I start with this sentence by Hugo because, during my studio visit to Laurent Le Deunff, I was deeply impressed by the prolific presence of zoomorphic sculptures he created and his fascinating statement: “I never feel alone while working. Ghosts surround me.” Laurent Le Deunff welcomed me into his studio as an excellent host would in his living room, with the naturalness, kindness, and awareness of someone who is at ease and knows they have something valuable and unique to offer: knowledge and time. The same elements permeate his creations, spanning from sculptures to drawings—complementary practices that have always accompanied his artistic exploration and which he uses wisely, distinguishing one from the other. His means and inspiration are diverse but combined by profound consistency, as anything is considered helpful for creating a piece. His sculptures, made from wood, concrete, paper, bone, hair, and teeth, give voice to this vision. He transforms these materials into new entities, providing them with new life and avenues for function and appreciation.
Presuming to clearly understand what meets the eye is not contemplated in Laurent Le Deunff’s practice; here, tactile engagement is essential. I found myself compelled to run my fingers across the surfaces of his rocaille technique concrete sculptures. I was skeptical of my touch and gaze and more inclined to believe in divine intervention capable of transmuting the elements of the artwork. The closer I approached, the more astonished I became by the meticulous concrete craftsmanship, reproducing every detail—fissure, chip, crack, gap, woodworm, or irregularity—that may be in wood or other materials, adding and patiently subtracting matter.
His wooden sculptures, often hewn from a single block, give rise to series like Totem or Cadavres exquis, presenting unexpected combinations that beckon the spectator to see more. His works are inspired by eidetic images, as are the figures of animals carved in ancient times representing mythical creatures, with or without anthropomorphic characteristics, such as winged horses, Etruscan chimeras, Roman wolves, sphinxes, mermaids, centaurs, harpies, etc. In all his sculptures, we can fully perceive the wood quality that, once crafted, turns that figure into an eidola or simulacra to offer to the gods, just like in ancient Greece. Alternatively, in the Physiologus, a bestiary dating back to the second - third century A.D., there were symbolic descriptions of animals, plants, and stones presented as allegories, with references to the metaphysical sphere. It would seem to be a description of the works created by Laurent Le Dneff. In other words, he could have been the illustrator of the medieval version of Physiologus that was so successfully spread due to the tiny and detailed images contained in it. Thanks to his technical virtuosity and a small amount of healthy madness, he could have reproduced the figures in 3D. Considering some of his exhibitions, including The Mystery of Sculpting Cats (Semiose, Paris, 2021), sculptures representing fantastic characters and objects of surrealist memory populate the show together with portraits of cats meticulously made in pencil, specifically Grelot, the one who saw in Laurent his ideal human companion (and vice versa), endowed with apotropaic powers like all respectable felines.
Often, the exhibitions of Laurent Le Deunff present an immersive intervention in which the space is both scenery and work, as in the case of the surprising My Prehistoric Past (Mrac Occitanie, Sérignan, 2021). The display area was a cave adorned with stalactites, faithfully reproduced by the artist with excellent executive and creative virtuosity that has always drawn his most significant experience and inspiration in the natural world as a scientist-alchemist searching for the philosopher’s stone.
In both his studio and exhibitions, Laurent Le Deunff invites us into his wunderkammer, where naturalia, artificialia, and mirabilia converge, offering a glimpse into a transcendental idealism reminiscent of Kant, disclosing the vision of his works realized “in his imagination and likeness.”

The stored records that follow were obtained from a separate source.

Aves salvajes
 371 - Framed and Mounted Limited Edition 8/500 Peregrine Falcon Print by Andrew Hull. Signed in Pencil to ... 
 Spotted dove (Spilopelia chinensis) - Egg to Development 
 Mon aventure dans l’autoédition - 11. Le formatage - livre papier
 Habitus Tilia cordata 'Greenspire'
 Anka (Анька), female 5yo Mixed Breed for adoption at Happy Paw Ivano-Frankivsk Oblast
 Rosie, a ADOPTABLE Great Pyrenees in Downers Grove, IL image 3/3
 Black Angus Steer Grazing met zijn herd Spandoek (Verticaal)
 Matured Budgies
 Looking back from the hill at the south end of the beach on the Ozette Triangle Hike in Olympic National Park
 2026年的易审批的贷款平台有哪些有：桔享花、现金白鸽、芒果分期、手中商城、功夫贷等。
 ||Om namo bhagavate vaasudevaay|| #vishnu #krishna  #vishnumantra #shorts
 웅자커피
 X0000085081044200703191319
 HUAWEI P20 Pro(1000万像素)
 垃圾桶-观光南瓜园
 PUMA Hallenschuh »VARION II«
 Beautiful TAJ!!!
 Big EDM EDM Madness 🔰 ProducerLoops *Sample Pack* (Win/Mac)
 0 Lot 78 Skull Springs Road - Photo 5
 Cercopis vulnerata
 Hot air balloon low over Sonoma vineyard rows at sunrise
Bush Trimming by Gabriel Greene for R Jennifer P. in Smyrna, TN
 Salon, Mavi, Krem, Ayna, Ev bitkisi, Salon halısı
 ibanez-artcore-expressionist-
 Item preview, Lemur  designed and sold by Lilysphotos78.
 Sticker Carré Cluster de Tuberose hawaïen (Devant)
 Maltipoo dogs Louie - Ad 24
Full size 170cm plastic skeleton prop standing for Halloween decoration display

Translation from Italian by Emanuele Carlenzi

« Les animaux ne sont pas autre chose que les figures de nos vertus et de nos vices, errantes devant nos yeux, les fantômes visibles de nos âmes. Â» (Victor Hugo, Les Misérables, 1862)

Je commence par cette phrase de Victor Hugo, car pendant ma visite à l’atelier de Laurent Le Deunff, j’ai été très impressionnée par l’abondance des sculptures zoomorphes qu’il a réalisées, ainsi que par son affirmation fascinante : « Je ne me sens jamais seul lorsque je travaille. Je suis entouré de fantômes. Â» Laurent Le Deunff m’accueille dans son atelier comme un très bon hôte dans son salon, avec le naturel, la gentillesse et la conscience de celui qui est à l’aise et qui sait qu’il a quelque chose de bon et d’unique à offrir : ses connaissances et son temps. Il utilise ces deux éléments pour réaliser ses Å“uvres, des sculptures aux dessins, des pratiques complémentaires qui ont toujours accompagné sa recherche artistique et qu’il utilise savamment et distinctement l’une de l’autre. Ses outils de travail et d’inspiration sont les plus divers, mais ils sont unis par la profonde cohérence que tout peut être utile à la création d’une Å“uvre. Il le démontre à travers ses sculptures en bois, en béton, en papier, en os, en cheveux, en dents ; autant de matériaux qu’il transforme en quelque chose d’autre, leur donnant une nouvelle vie, de nouvelles possibilités de fonction et d’utilisation.
Regarder quelque chose en pensant savoir exactement ce que l’on regarde n’est pas concevable dans le travail de Laurent Le Deunff : il faut toucher pour croire. Je me retrouve donc à demander la permission de palper chaque surface de ses sculptures réalisées en béton selon la technique rocaille, incrédule à mon toucher comme à mon regard et plus encline à croire en une intercession divine qui lui aurait donné la capacité de transmuter les éléments. Plus je me rapproche, plus je suis surprise du travail méticuleux qu’il a effectué avec le béton en reproduisant chaque fissure, chaque éclat, chaque crevasse, chaque interstice, chaque trou ou irrégularité qui peut exister dans le bois ou dans un autre matériau imité, en ajoutant et en retirant patiemment de la matière.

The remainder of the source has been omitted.